Menurutnya, peran masyarakat dan organisasi seperti Gerakan Vendetta merupakan bentuk kontrol sosial yang konstruktif terhadap pelaksanaan proyek infrastruktur pemerintah.
“Kami mengapresiasi teman-teman Vendetta sebagai kontrol sosial bagi kami. Apa yang menjadi catatan mereka akan kami tindak lanjuti sesuai mekanisme yang berlaku,” ujar Arnol.
Gerakan Vendetta sebelumnya menyoroti minimnya keterbukaan dokumen kontrak, progres, dan realisasi anggaran proyek-proyek tersebut. Mereka menilai transparansi masih terbatas, meski kedua proyek menyedot anggaran besar.
Proyek pengendalian banjir Sungai Kalukku menelan anggaran sekitar Rp55 miliar, sementara pembangunan Bendungan Salulebbo di Mamuju Tengah memiliki nilai fantastis mencapai Rp1,24 triliun.
Menanggapi hal itu, Arnol menjelaskan bahwa BWS V terikat pada standar operasional dan aturan internal, khususnya terkait mekanisme penyediaan dokumen publik yang diatur melalui PPID (Pejabat Pengelola Informasi dan Dokumentasi).
“Sorotan Vendetta tadi mereka anggap tidak transparan karena belum menerima data dokumen. Namun kami terikat oleh aturan SOP dan mekanisme PPID, sehingga tidak bisa sembarangan memberikan dokumen tanpa prosedur resmi,” jelasnya.
Terkait laporan adanya dugaan insiden kekerasan saat penyampaian aspirasi di lingkungan BWS V, Arnol menyebut pihaknya akan melakukan evaluasi dan investigasi internal.
“Untuk kejadian aksi kekerasan kemarin, saya kebetulan tidak di tempat.
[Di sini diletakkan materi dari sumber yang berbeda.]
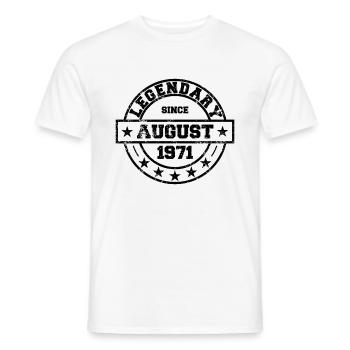 Legendary since August 1971 - Geburtstag - Männer T-Shirt - Weiß - Vorne - AI Model Male 178 dark (178cm)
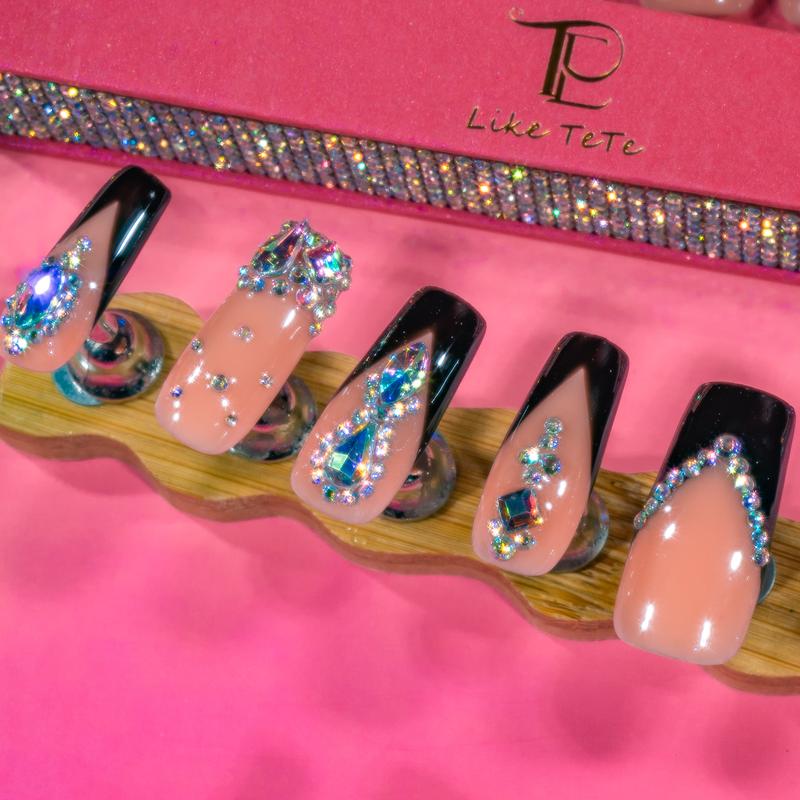 LikeTeTe  Sparkling Rhinestone salon Nails – French Tips with Chunky Crystals | Festival & Party Nail Set” Reusable Handmade Iridescent Glitter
Tapi kami akan evaluasi dan memeriksa rekaman CCTV yang tersedia untuk mengetahui kebenarannya,” tutup Arnol.
RDPU tersebut diharapkan menjadi momentum memperkuat transparansi dan akuntabilitas pengelolaan proyek strategis di Sulawesi Barat, serta membuka ruang dialog konstruktif antara pemerintah, DPRD, dan masyarakat sipil.